This thread has been locked.

If you have a related question, please click the "Ask a related question" button in the top right corner. The newly created question will be automatically linked to this question.

OpenMP performance issue for adding a large set of numbers to find mean

Other Parts Discussed in Thread: SYSBIOS

I am working on a curve fit application and I am generating a data of 4096k elements of type float and storing in DDR3. With one core I, the time taken to find mean is 0.59 sec but this doesn't scale well with OpenMP.

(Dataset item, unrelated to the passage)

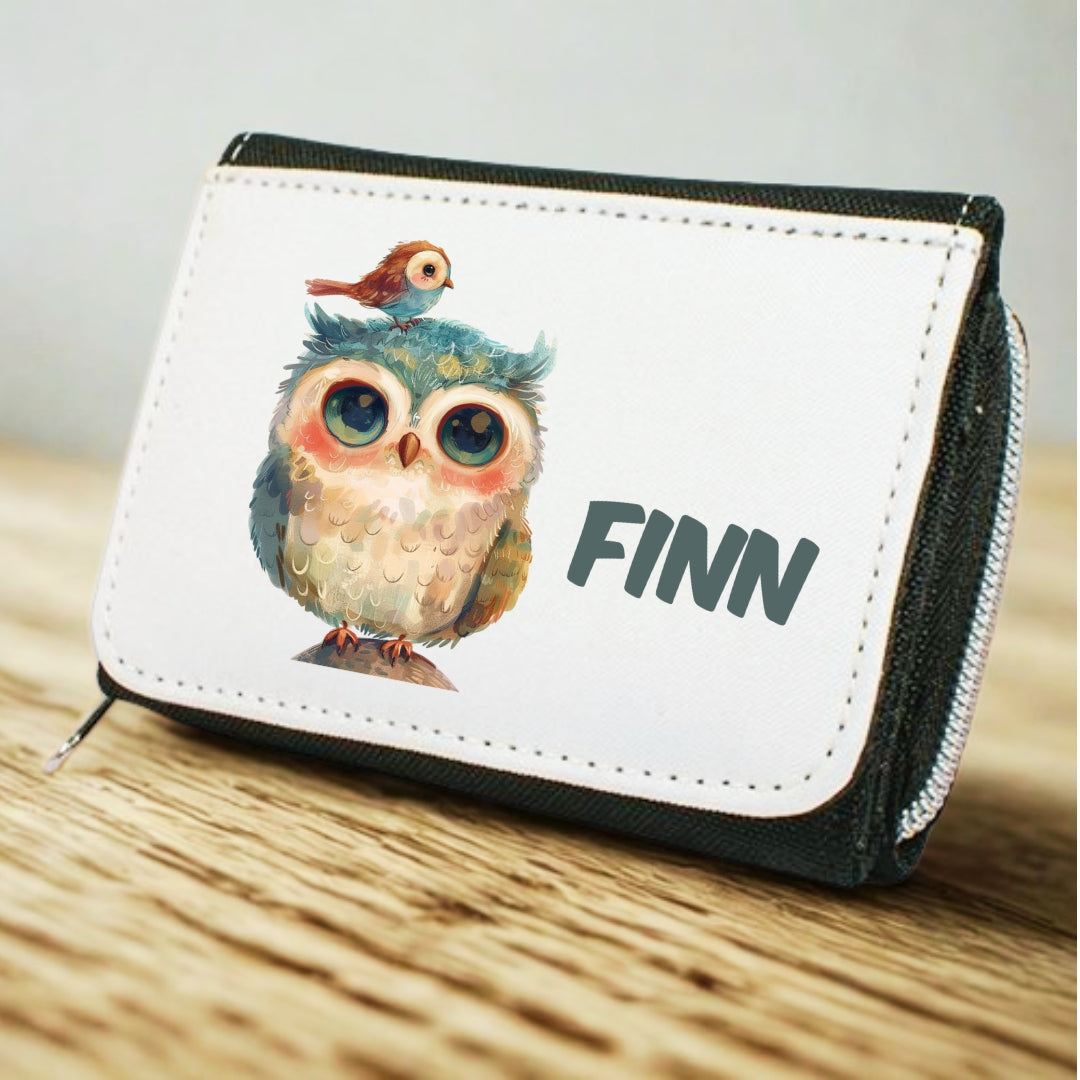 Kinder Geldbeutel Tiere personalisiert – Pinguin, Panda, Tiger & Zebra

I have attached the platform file.

Stack: L2
Data:  MSMCSRAM_NOCACHE
code: MSMCSRAM
L2 Cache: 256k
L1D Cache: 32k
L1P Cache: 32k

Is there any optimization to get a salable speedup. With 4 cores it takes 0.25sec and with 8 cores 0.31sec

  • Hi Ajay,

    What version of OMP, and other RTSC components (MCSDK, BIOS, IPC, etc) are you using? The settings in the platform file and cfg file you use would depend on that.

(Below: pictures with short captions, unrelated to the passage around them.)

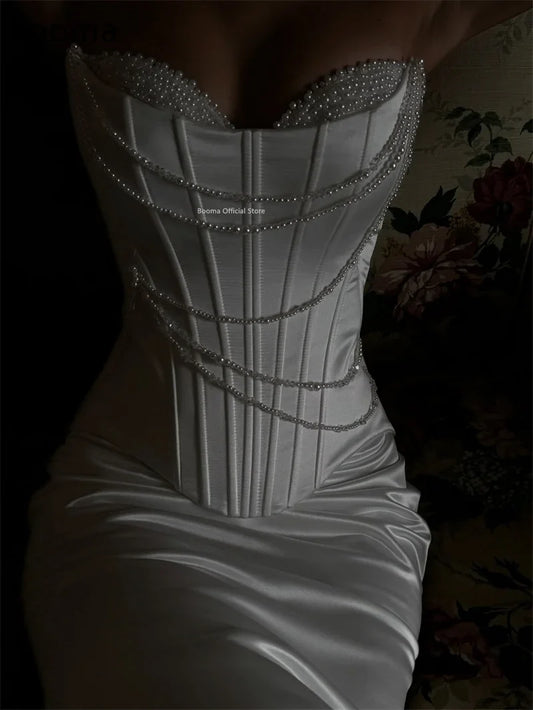 Booma Mermaid Sweetheart Pealrs Sleeveless Satin Simple Wedding Dresses Long Brides Gown Custom Made 2026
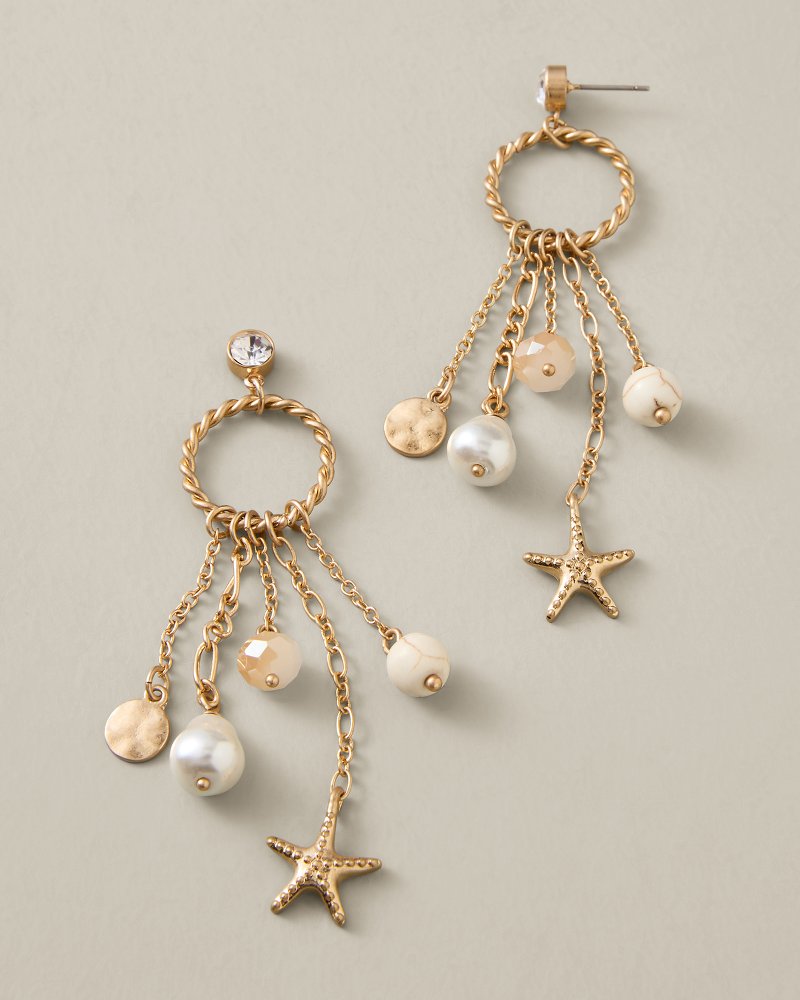 Sunset Tides Chain &amp; Charm Drop Earrings - Gold
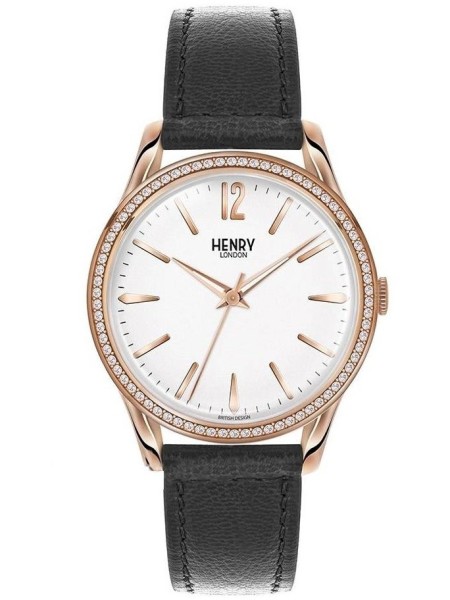 Montre pour dames Henry London HL39-SS-0032, bracelet cuir véritable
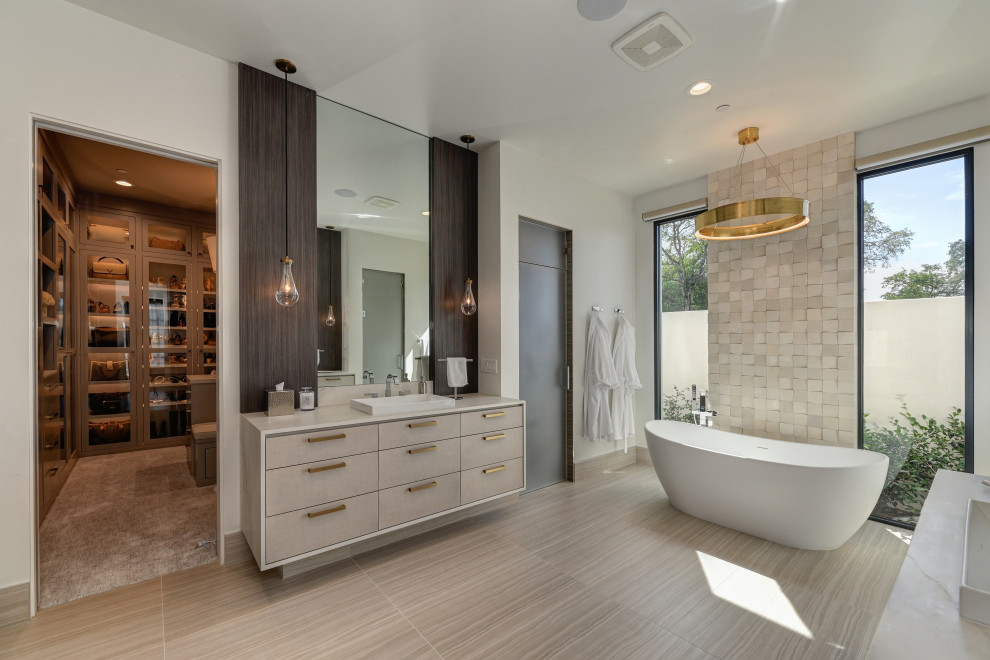 Contemporary bathroom in Sacramento with flat-panel cabinets, grey cabinets, a freestanding tub, an alcove shower, grey walls, a drop-in sink, beige floor, white benchtops, a double vanity and a built-in vanity.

    If you aren't already using MCSDK 2.01.02.06, I would recommend installing it from http://software-dl.ti.com/sdoemb/sdoemb_public_sw/bios_mcsdk/latest/index_FDS.html. Once you have that, the next step is to update OpenMP to OMP 1.02.05 http://software-dl.ti.com/sdoemb/sdoemb_public_sw/omp/1_02_00_05/index_FDS.html  This version of OMP has various performance enhancements over previous versions.

    Once you have these installed and CCS recognizes the OMP package, please ensure that you go through the OpenMP examples from this new release, to see both platform file changes and cfg changes. Once you incorporate these changes, if you continue to face issues, please reply to this post with both your cfg file and platform file, and a list of the software versions used.

    Thanks!

  • Hi Uday,

    Thanks for your reply.

    I am already using MCSDK 2.01.02.06 with OpenMP version 1.01.03.02. I will update the OMP runtime. If I DMA the data from the DDR3 to L2 SRAM (with L2 cache disabled) using OMP, will this provide performance improvement?

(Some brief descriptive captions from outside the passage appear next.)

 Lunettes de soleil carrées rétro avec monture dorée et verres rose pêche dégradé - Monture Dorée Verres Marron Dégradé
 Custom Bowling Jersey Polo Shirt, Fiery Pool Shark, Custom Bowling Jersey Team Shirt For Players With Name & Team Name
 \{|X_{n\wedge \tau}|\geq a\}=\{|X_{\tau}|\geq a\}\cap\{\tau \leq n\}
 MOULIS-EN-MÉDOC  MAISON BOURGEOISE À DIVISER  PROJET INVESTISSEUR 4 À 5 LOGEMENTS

    Also could you provide me with a good cache configuration for such memory bound computation where the data doesn't stay in the cache for long.

    Thank you

  • Hi Ajay

    You should typically see the scaling without the need for data movement from DDR3 to L2. Let's try a few things:

    Once you update to the OMP 1.02.00.05, I would suggest starting out with the following settings in the RTSC platform file that you use (you can edit the platform you are using by going to the CCS Debug Perspective and then choose menu Tools --> RTSC Tools --> Platform --> Edit/View. 

    Once you've saved the platform, please ensure that you select it to be your RTSC platform of choice in your project settings.

    Now in your configuration file (.cfg), among what's already there, add the following lines if they aren't already present:

    var Cache = xdc.useModule('ti.sysbios.family.c66.Cache');
    // all external memory cacheable; write-through disabled (better performance if disabled)
    Cache.setMarMeta(0x80000000, 0x20000000, Cache.PFX | Cache.PC);
    OpenMP.enableMemoryConsistency = true; 
    OpenMP.noncachedMsmcAlias = 0xA0000000;

    Let us know what performance you observe once you've implemented this, and if you see a scaling performance.

    Also just in case there are a lot of 'if...then...else' statements inside your parallel region, see if you can eliminate them or extract those out of the parallel region.